__PROBLEM TO WORK ON__
Would you return, word for word, the lines running from the one with "Valentine Love Me" to the final line of the listing below, pictures omitted?

[Opening EXERCISE DATA section]

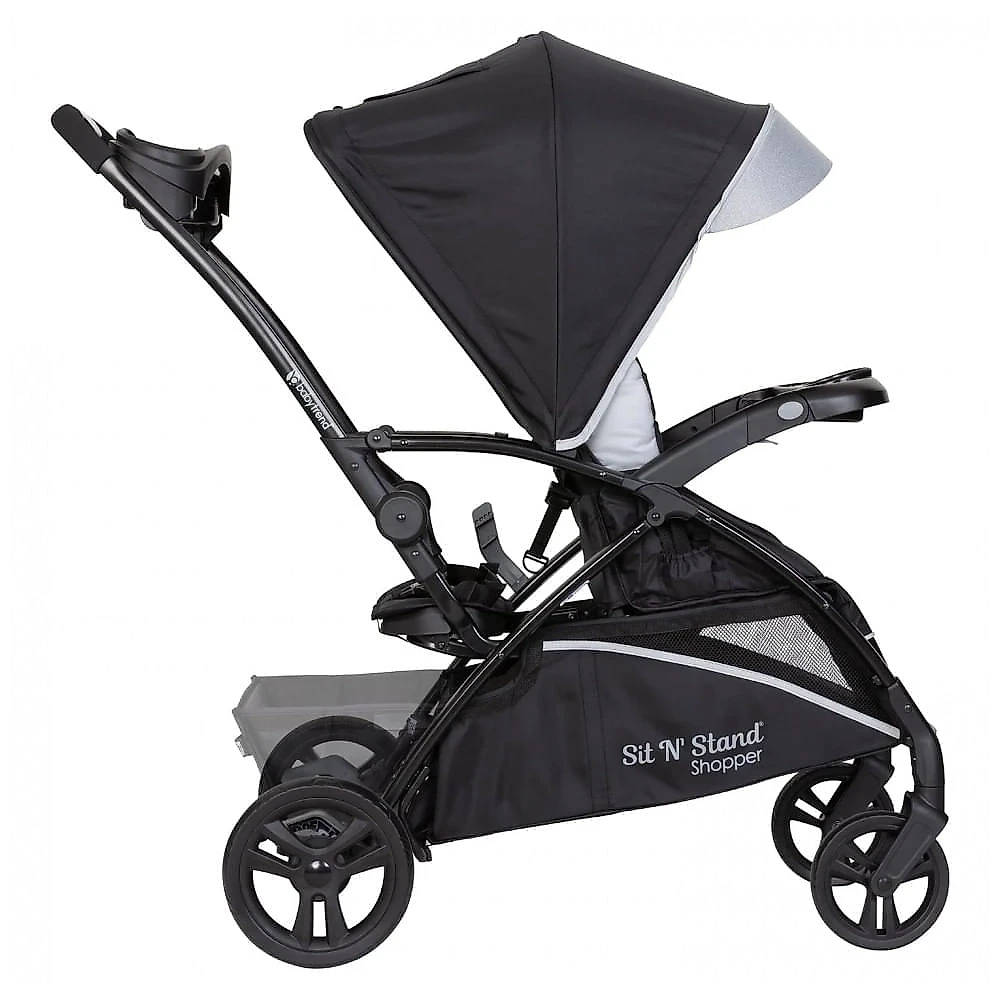 Carrinho de Bebê Baby Trend Sit N Stand 5-em-1 com Bebê Conforto Ally 35 Poeira Lunar
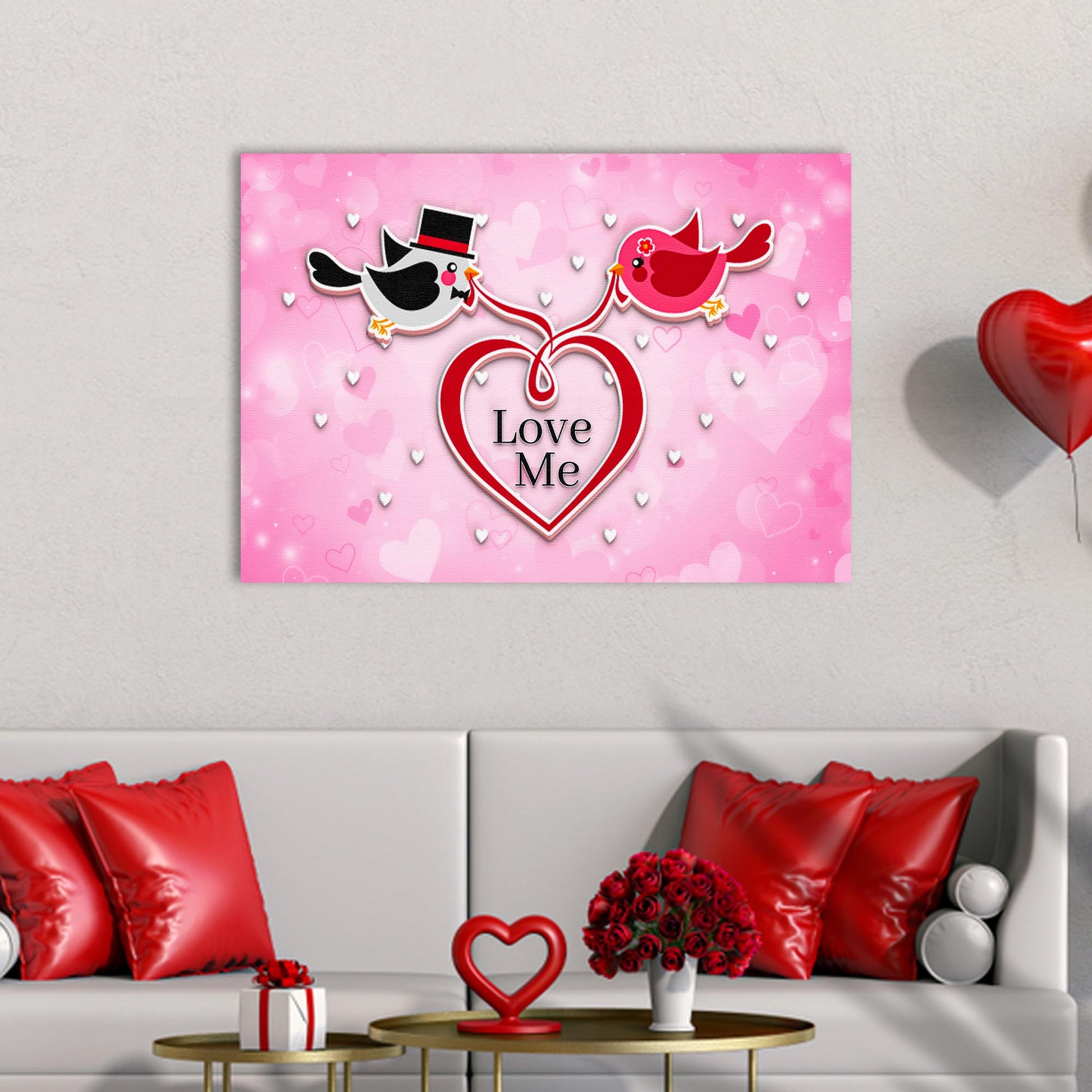 Valentine Love Me Said The Bird Sign - Image by Tailored Canvases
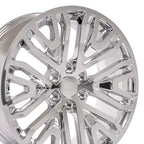 OE Wheels CV37 22x9 6x139.7 28et Chrome Wheel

[Closing EXERCISE DATA section]

__RESULT__
 Valentine Love Me Said The Bird Sign - Image by Tailored Canvases
 OE Wheels CV37 22x9 6x139.7 28et Chrome Wheel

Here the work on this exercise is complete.